TO DO:
In the material below, begin at the line that has "We have taken", stop after the line that has "Hi and welcome", and transcribe those lines exactly, without pictures.

RECORDED INFORMATION:
* * *

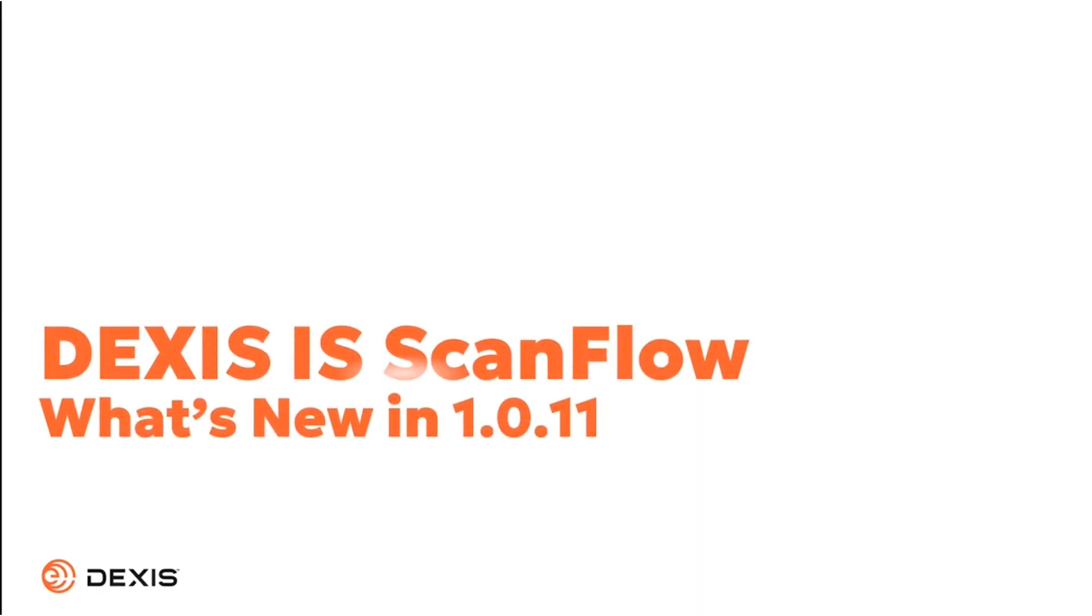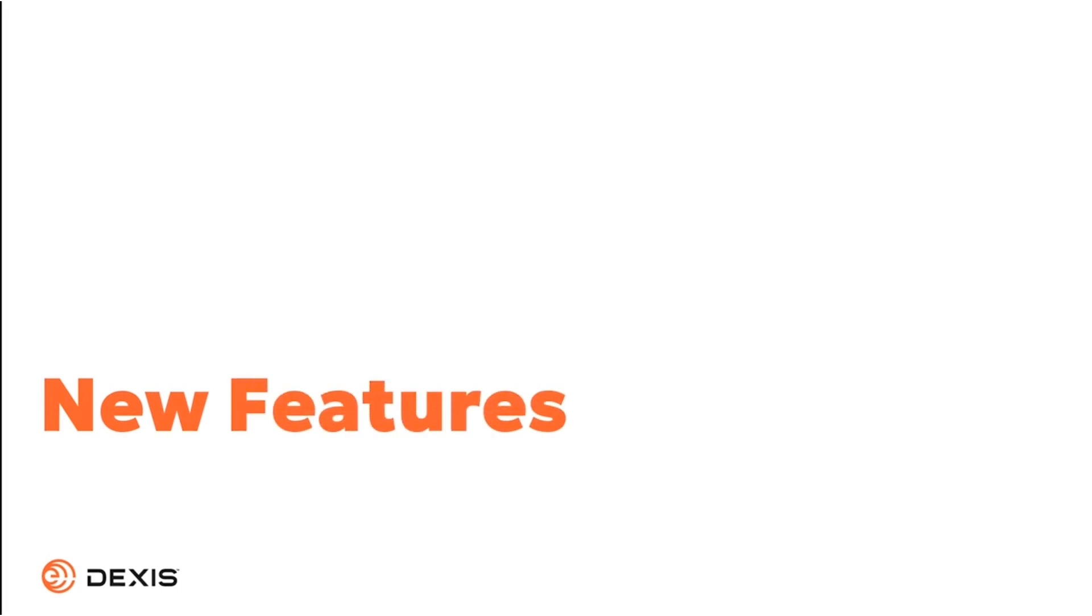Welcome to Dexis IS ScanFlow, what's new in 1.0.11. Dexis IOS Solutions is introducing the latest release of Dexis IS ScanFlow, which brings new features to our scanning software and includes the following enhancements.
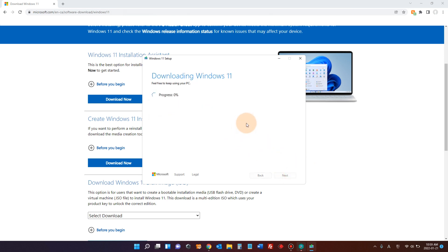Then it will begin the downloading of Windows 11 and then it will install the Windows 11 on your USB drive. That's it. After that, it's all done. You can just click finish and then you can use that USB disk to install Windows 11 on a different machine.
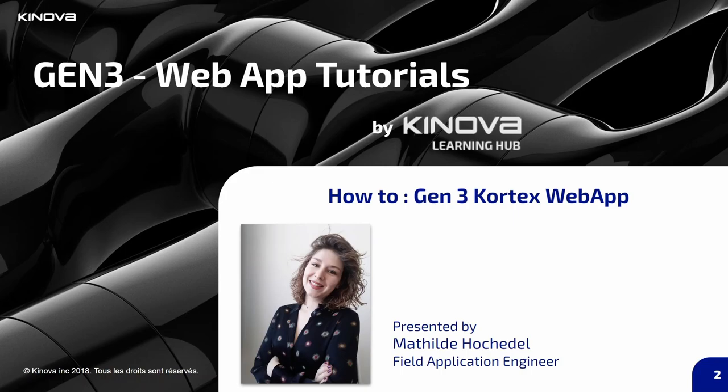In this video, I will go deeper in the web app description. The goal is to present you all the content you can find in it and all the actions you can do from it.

* * *

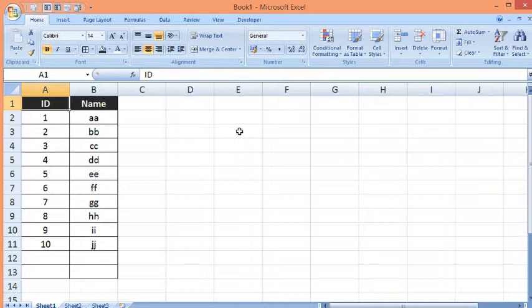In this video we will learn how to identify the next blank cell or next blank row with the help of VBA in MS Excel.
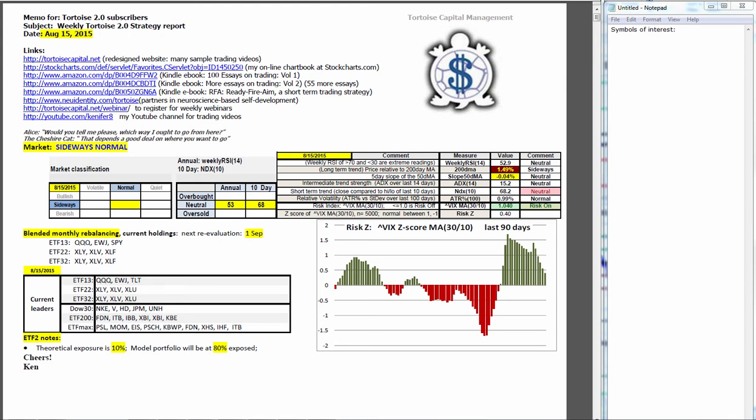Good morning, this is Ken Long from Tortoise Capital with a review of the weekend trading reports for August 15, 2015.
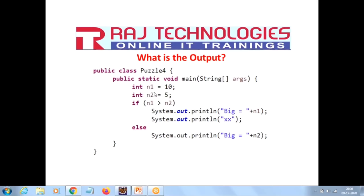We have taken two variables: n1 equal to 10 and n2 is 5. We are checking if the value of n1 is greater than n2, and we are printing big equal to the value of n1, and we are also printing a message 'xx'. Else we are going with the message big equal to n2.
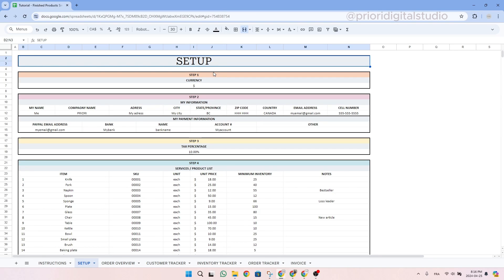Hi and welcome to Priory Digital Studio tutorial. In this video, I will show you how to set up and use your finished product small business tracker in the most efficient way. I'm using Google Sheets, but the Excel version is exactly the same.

* * *

RESPONSE:
We have taken two variables: n1 equal to 10 and n2 is 5. We are checking if the value of n1 is greater than n2, and we are printing big equal to the value of n1, and we are also printing a message 'xx'. Else we are going with the message big equal to n2.
Hi and welcome to Priory Digital Studio tutorial. In this video, I will show you how to set up and use your finished product small business tracker in the most efficient way. I'm using Google Sheets, but the Excel version is exactly the same.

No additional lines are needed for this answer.